Have you ever wondered what other people think about you? It seems to be human nature to have such thoughts. While it may not be paranoia, everyone wants to be liked and respected. In fact, that falls in line with Maslow’s list of basic needs. However it’s been said that people would worry less about what other people think about them if they realized how seldom they do.

Talking about thinking, or not, many riders often think that traffic is out to get them. They believe every driver has a vendetta against motorcycles and wants to do things to make their lives miserable. While thinking this way may be a means of keeping you focused on your riding and what’s happening around you, it’s not an accurate portrayal of drivers.

The problem isn’t that drivers are out to get you; the problem is that they haven’t given you any thought at all. They are often so wrapped up on their own world that they’re not even thinking about motorcycles, so they don’t consciously look for you. They are accustomed to looking for larger vehicles on the road and if you don’t appear to them like a car or truck, you don’t get their attention.

"The problem is that they haven’t given you any thought at all."

Drivers’ lack of attention to bikes on the road is not helped by the seasonal layoff in many parts of the country when there are no motorcycles, or very few, on the road. You will probably never look like a car or truck on your motorcycle, but at least understanding this fact brings to light the need for increasing your conspicuity.

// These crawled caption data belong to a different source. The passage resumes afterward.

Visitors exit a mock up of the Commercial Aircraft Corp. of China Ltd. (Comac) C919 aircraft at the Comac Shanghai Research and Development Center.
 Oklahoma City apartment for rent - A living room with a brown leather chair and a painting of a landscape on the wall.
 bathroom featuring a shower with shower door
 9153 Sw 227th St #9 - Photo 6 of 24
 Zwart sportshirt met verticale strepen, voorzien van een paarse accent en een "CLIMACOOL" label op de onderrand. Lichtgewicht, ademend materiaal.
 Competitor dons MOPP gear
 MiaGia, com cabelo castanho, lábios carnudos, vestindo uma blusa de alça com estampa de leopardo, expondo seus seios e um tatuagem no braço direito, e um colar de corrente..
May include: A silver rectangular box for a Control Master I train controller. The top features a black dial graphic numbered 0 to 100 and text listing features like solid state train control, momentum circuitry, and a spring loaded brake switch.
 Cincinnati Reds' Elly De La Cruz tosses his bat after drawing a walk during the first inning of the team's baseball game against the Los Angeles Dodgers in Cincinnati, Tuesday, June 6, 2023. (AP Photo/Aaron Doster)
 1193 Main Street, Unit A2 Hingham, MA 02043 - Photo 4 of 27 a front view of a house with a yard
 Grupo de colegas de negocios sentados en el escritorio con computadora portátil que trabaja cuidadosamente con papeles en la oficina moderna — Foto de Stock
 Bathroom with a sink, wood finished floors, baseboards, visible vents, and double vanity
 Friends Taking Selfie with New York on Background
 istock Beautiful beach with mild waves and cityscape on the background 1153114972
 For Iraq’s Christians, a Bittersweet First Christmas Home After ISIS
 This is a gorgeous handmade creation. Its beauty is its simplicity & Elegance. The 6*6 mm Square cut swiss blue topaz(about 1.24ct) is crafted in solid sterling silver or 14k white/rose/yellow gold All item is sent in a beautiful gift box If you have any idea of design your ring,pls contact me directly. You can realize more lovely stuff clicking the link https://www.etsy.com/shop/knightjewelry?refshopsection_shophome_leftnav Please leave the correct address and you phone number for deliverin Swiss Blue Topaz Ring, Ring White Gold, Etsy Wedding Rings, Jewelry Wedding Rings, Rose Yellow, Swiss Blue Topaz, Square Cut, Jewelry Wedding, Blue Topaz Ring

Thinking of ways to stand out more in traffic can help increase the likelihood of other drivers seeing you on the road.

Your small size, regardless of how big you might personally be, makes it difficult for drivers to see you on the road. Your slender profile makes it very easy for you to unconsciously hide behind drivers’ windshield posts or the dice hang from their mirrors. That’s assuming that they’re not being distracted by some other activity going on in or around their vehicles.

Being seen on the road is the first step towards getting the other driver to play nicely and share the road with you, but it is not necessarily enough. Most motorists have given no thought to the differences between motorcycles and other vehicles in the traffic mix. They don’t understand how your size affects their ability to determine your speed or distance. Consequently they may see you, but still turn in front of you simply because they believe there is enough time and space to do so safely.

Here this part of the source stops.